Anyone who has stayed in Colombia for more than two months knows the
feeling of doom that creeps over you when That Time of the Month rolls
around again… Yes, the dreaded monthly visit to the DAS office for a
visa extension.
For a country intent on promoting tourism, they sure don’t make it easy for you to stay.
First of all there’s the waiting outside the office. Everyone stands around, clutching pointless photocopies of a million and one documents and chatting under the watchful eye of a slouch-shoulder 17 year old with an automatic rifle. For some reason, if you uncharacteristically arrive before the office opens, you’re not allowed to line up. Instead you must mill around aimlessly until a seemingly randomly appointed time, at which point there is a mad dash to be first in line.
Not that the waiting around is boring. Not at all. It makes for some fantastic people watching. Of course there’s the line up of the usual suspects. The heavily pregnant teenager with the squawking one year old. The toothless, gummy elderly gentleman. The tall, gangly gringo who looks about as at home as a giraffe in a parade of poodles. But then, to add a little kick to your curry, there are two Indian men, who look like they just walked out of a Bombay call center. You haven’t lived until you’ve heard Spanish spoken with an Indian accent.
Finally when the first round of waiting is over, you are allowed in, one at a time. Upon entry you must surrender your cell phone and all other electronic devices so that you can’t take photos of all the DAS officials sitting around doing nothing.
Once inside you wait in another line until you are attended by a mustached Colombian version of pudgy Police Chief Wiggum from the Simpsons. Except that instead of donuts, he inexplicably chews on orange peel. Seriously.
You will have spent hours making copies and filling out forms just so the Colombian Wiggum can flirt shamelessly with a bored but buxom Colombiana co-worker, while he haphazardly scrunches your paperwork into a drawer where it will never again see the light of day.

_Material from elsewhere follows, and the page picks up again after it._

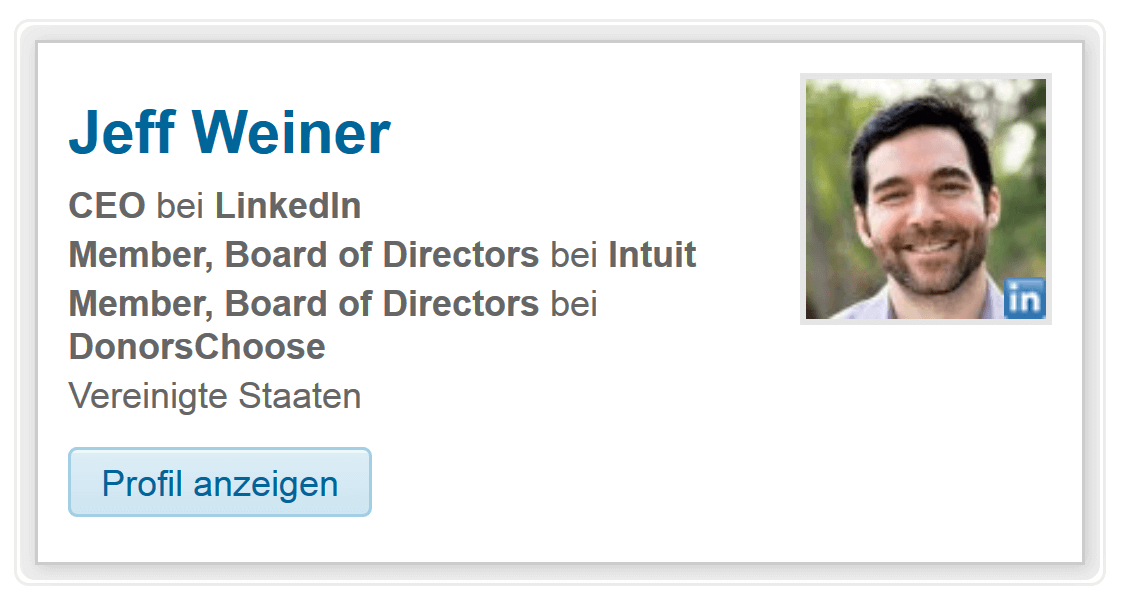 Das Member-Profile-Widget von LinkedIn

Without a doubt the best part of the whole experience is getting your fingerprints taken. Standing in a small stuffy room filled with the pungent smell of old orange peel, you can pretend you are a narcotraficante just captured in the jungle amid a shower of bullets.
And then, with the ink still wet on your fingers, suddenly it’s over.
Until next month anyway.
For the uninitiated the DAS is the Colombian version of the FBI. They also process visas.